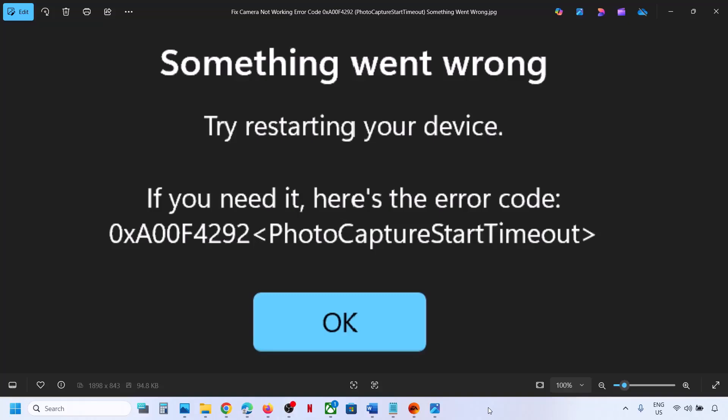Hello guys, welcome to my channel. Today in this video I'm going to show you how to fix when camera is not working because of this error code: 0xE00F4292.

--------------------

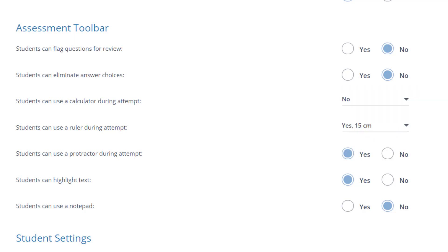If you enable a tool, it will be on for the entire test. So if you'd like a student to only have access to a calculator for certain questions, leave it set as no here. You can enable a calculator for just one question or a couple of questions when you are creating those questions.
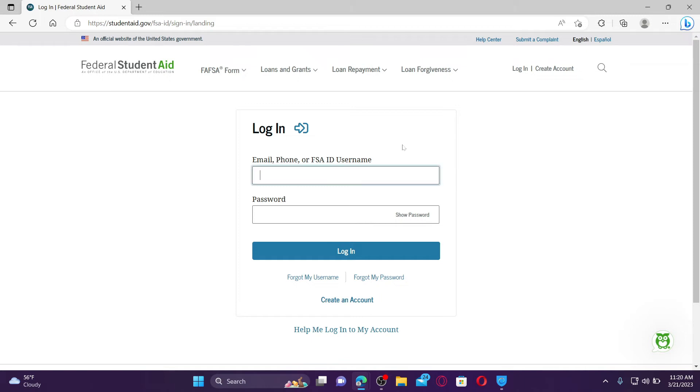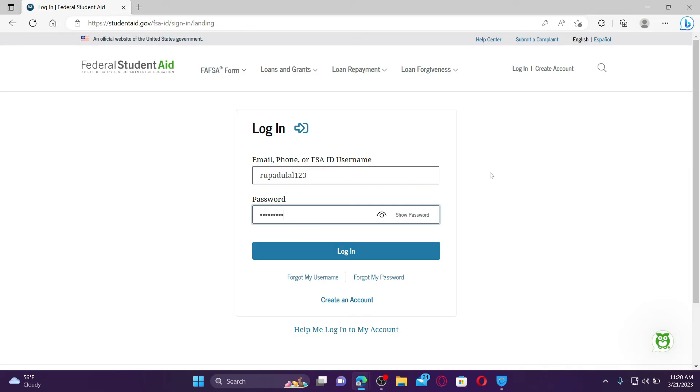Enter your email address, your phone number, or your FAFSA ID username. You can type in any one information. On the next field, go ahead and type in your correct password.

--------------------

**Task goal:** Go back to the listing above and reproduce, exactly, the stretch from the line bearing "If you enable" through the line bearing "Enter your email", without its pictures.

**Your response:**
If you enable a tool, it will be on for the entire test. So if you'd like a student to only have access to a calculator for certain questions, leave it set as no here. You can enable a calculator for just one question or a couple of questions when you are creating those questions.
Enter your email address, your phone number, or your FAFSA ID username. You can type in any one information. On the next field, go ahead and type in your correct password.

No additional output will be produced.